The law firm informed food giant Unilever that since it had given up selling Ben & Jerry’s ice creams in the “West Bank,” under US law, it had lost the right to protect the Ben & Jerry’s trademark in those areas. Shurat HaDin has already submitted an application to the Israeli Registrar of Companies to register the new brand “Ben and Jerry’s Ice Cream of Judea and Samaria,” which will receive legal protection to sell the exact same ice cream, with the same trade name, and actually compete with the original company.
Shurat HaDin examined and found that under US law, in order to preserve the protection of a trademarked brand against use by other parties, there must be full intention to conduct business in a particular area. That is, in cases where a commercial brand is intended only to prevent another party from using the same label, without having any intention of operating in the same area, its request will not be approved. Therefore, once that person announces that he does not intend to operate in the same area, it means that he has no intention of using his trademark and his right to trademark will no longer stand.

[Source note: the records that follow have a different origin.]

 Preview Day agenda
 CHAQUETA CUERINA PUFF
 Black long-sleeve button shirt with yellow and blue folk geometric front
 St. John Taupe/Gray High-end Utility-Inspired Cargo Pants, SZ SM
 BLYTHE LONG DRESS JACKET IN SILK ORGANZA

Adv. Nitzana Darshan-Leitner, President of the Shurat HaDin Israeli Law Center, said: “Unilever is no longer able to enforce its trademark in these historical Jewish areas. These are our new weapons and approach to the war against BDS: anyone who stops selling their products in Israel will find that we will take over their trademarks and rights and sell the same products under their brand names. Ben & Jerry’s will regret the day they boycotted the State of Israel.”

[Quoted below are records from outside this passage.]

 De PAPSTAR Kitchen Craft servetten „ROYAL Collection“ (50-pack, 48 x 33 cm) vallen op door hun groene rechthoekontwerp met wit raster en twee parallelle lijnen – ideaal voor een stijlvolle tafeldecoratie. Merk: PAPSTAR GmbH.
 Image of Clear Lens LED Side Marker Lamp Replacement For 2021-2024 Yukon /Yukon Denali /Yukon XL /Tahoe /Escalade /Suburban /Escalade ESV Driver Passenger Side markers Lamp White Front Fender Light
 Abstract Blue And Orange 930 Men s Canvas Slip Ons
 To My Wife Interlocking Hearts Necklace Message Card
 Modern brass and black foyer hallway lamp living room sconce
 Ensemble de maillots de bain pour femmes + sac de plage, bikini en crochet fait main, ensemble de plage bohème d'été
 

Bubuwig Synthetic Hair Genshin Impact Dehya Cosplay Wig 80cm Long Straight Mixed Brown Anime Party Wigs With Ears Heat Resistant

Meanwhile, a number of US states have announced plans to consider divesting their pension funds from Ben & Jerry’s parent company, Unilever, following the ice cream company’s decision not to sell its products in the Jewish settlements. Among the states that require their governments to stop doing business with companies that boycott Israel and are reviewing the situation are Texas, Illinois, New York, New Jersey and Florida.
Texas State Comptroller Glenn Hegar announced that he has instructed his staff to decide whether Ben & Jerry’s or Unilever have indeed taken actions that are against the anti-boycott law. The Texas State Pension Fund invests over $100 million in companies, one of which is Unilever.

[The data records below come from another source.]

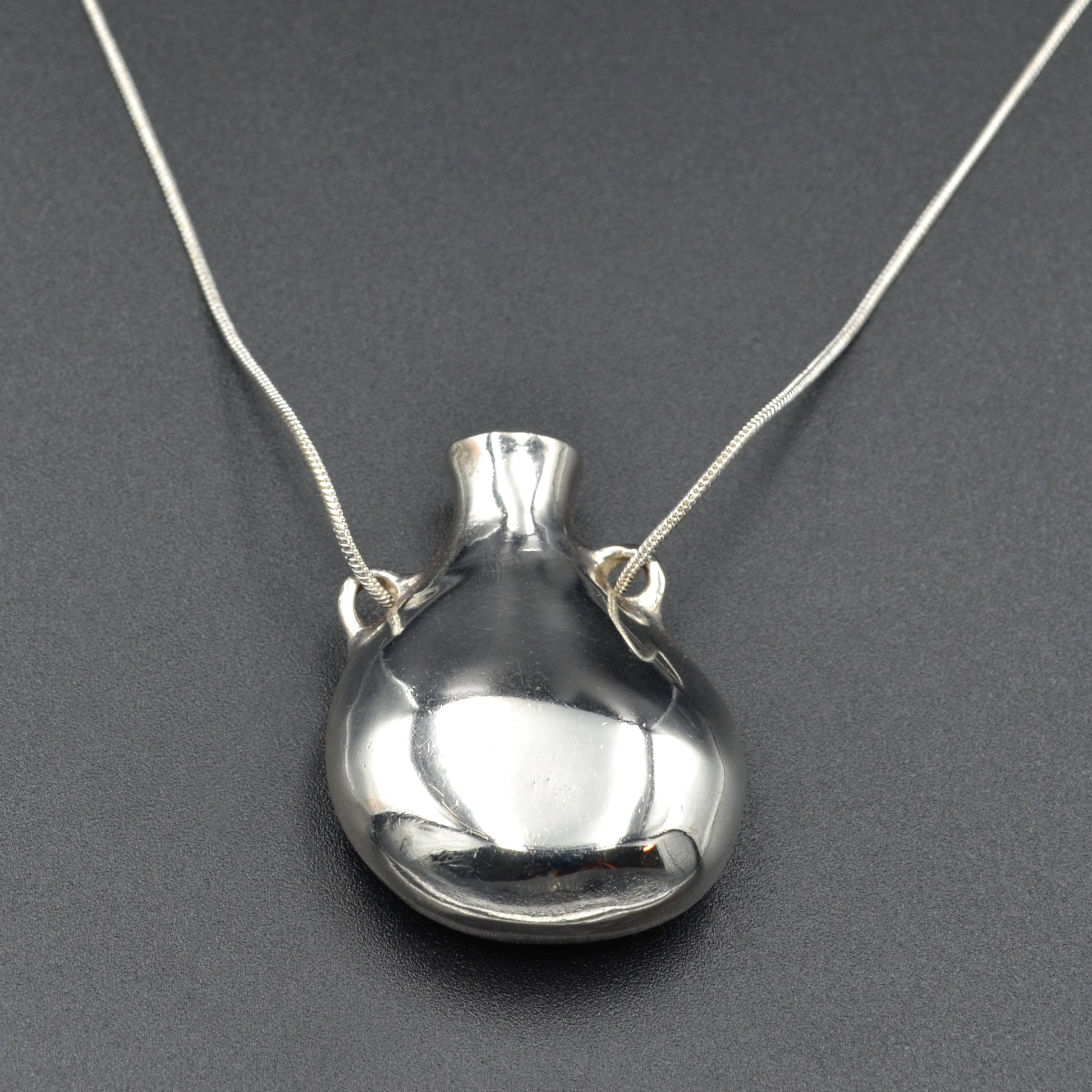 Vintage Taxco Sterling Silver Open Bottle Vase Pendant Necklace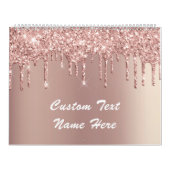 Roos Gold Glitter Aangepaste tekst Naam Kalender C (Hoes)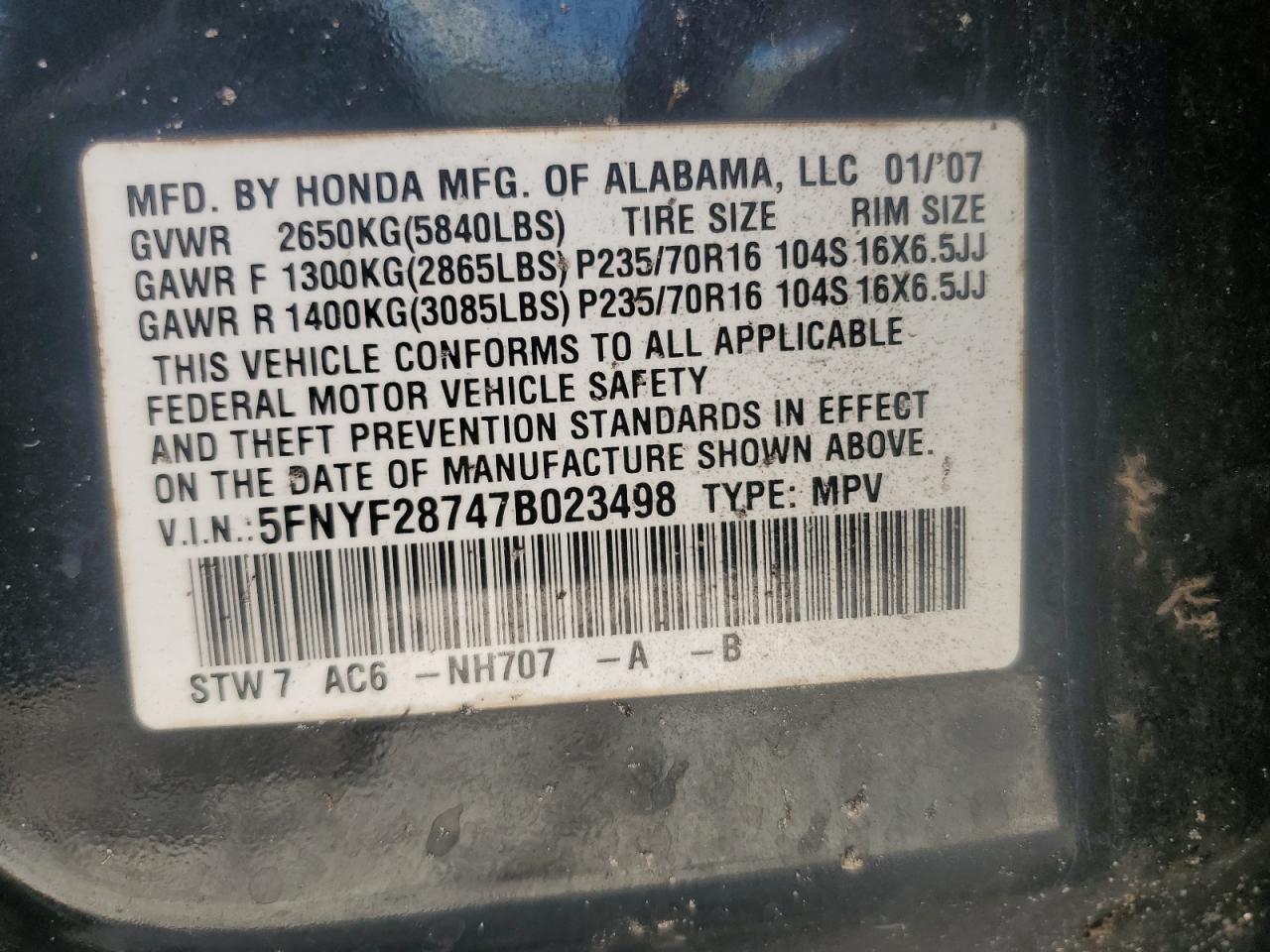 2007 Honda Pilot VIN 5FNYF28747B023498 Copart auction photo, rollover damage thumbnail 15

“Texas has made it clear that it stands by the State of Israel and the people of Israel. We are against all those who wish to harm the security of the State of Israel and its citizens. My office has a long history of supporting Israel. We have stopped investing in companies with ties to Iran,” said Hegar, who has even encouraged Texans to eat locally-produced Blue Bell ice cream, rather than the “foreign-owned” Ben & Jerry’s.